C’est pourquoi le comte d’Harcourt, sous le commandement duquel était l’armée royale, avait reçu l’ordre formel de toujours envoyer, en première ligne, les deux amis. Et c’est aussi la raison pour laquelle le bruit de leurs exploits finit par impressionner le jeune roi ; celui-ci, nous le savons, connaissait déjà les deux héros de vue, autant que de réputation.

Aussi, quand il fut question d’aller au-devant du Cardinal, Louis XIV déclara-t-il avec l’autocratique fermeté dont il devait ne plus se départir :

— Messieurs, nous allons nous rendre, sans surseoir, au-devant de notre parrain[7]… Qu’on en prévienne M. de Cyrano-Bergerac… Il nous plaît d’être gardé par sa compagnie franche.

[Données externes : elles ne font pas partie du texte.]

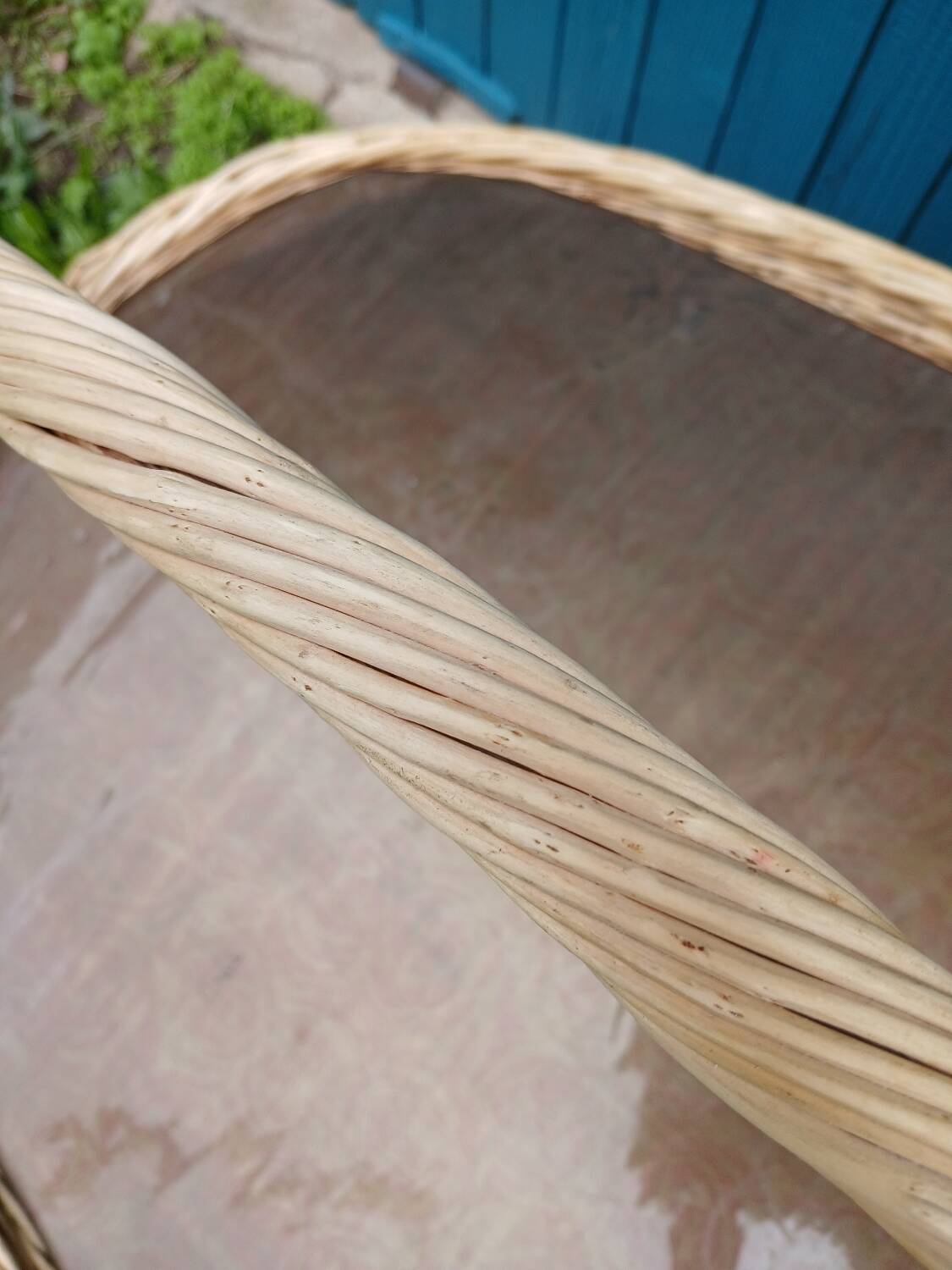 Wicker pastry basket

C’était un grand honneur, un honneur, certes, à lui faire des jaloux ! Mais un honneur dont Cyrano se serait fort bien passé !

Quand on lui fit parvenir cet ordre, car tout désir du Roi en était un, il rougit, pâlit, cramoisit encore. Puis, après un « sandious » désespéré, il faillit lancer son cheval sur la route du sud, vers Bergerac, afin d’y entreprendre l’élevage en grand des vers à soie.

Par bonheur, d’Artagnan, toujours judicieux, lui fit observer qu’on était en campagne, qu’un Bergerac ne déserte pas et qu’enfin aller au-devant du Cardinal, c’était, en somme, marcher à l’ennemi :

— Pense donc ! Quel visage fera Son Éminence, en voyant son vieil ami de Bougival galoper à son encontre, ayant le roi à ses côtés ?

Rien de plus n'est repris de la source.